December 26, 2015

The Christmas Truce

The Christmas Truce was a series of unofficial ceasefires along the Western Front around Christmas 1914; roughly 100,000 British and German troops were involved in the unofficial cessations.

In the week leading up to the Christmas holiday, German and British soldiers crossed trenches to talk, exchanging seasonal greetings. In areas, men from both sides ventured into no man’s land on Christmas Eve and Christmas Day to mingle and exchange food and souvenirs. This truce did not happen everywhere, as fighting continued in some sectors, while in others the sides settled on little more than arrangements to recover bodies.

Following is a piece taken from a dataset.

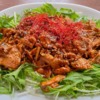 焼き豚のタレをアレンジした水菜サラダの写真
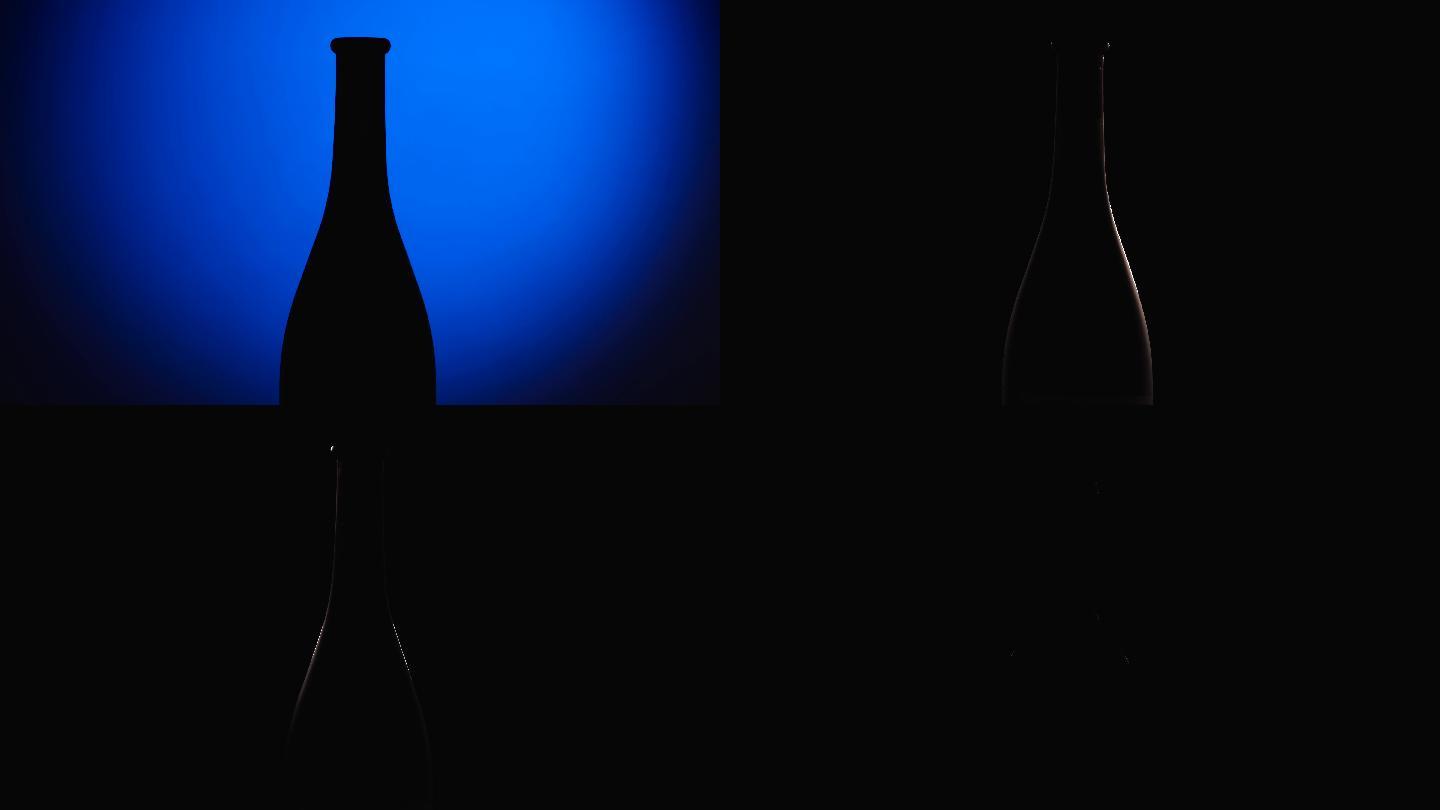 红酒瓶光影剪影4k视频素材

This unofficial ‘truce’ was not reported on right away; in fact, many newspapers did not report on it until one week after.  the Toronto Globe had the following article published:

From The Globe, Toronto, December 31, 1914, pg. 2

From The Globe, Toronto, December 31, 1914, pg. 2

DESPATCHES ARE COMING THROUGH showing that at various points on the lines on Christmas Day the Germans and British soldiers fraternized, visited the trenches of the enemy, and swapped tobacco, Christmas cards, an no doubt plum pudding.  The informal truce was so generally observed that at one point the British and German soldiers swarmed out in front of their trenches, met in the neutral ground between, and had photographs taken by some German offices.  That sort of snapshot is probably unique in war.

British and German troops meeting in No-Mans's Land during the unofficial truce.  From the collection of the Imperial War Museums.

British and German troops meeting in No-Mans’s Land during the unofficial truce. From the collection of the Imperial War Museums.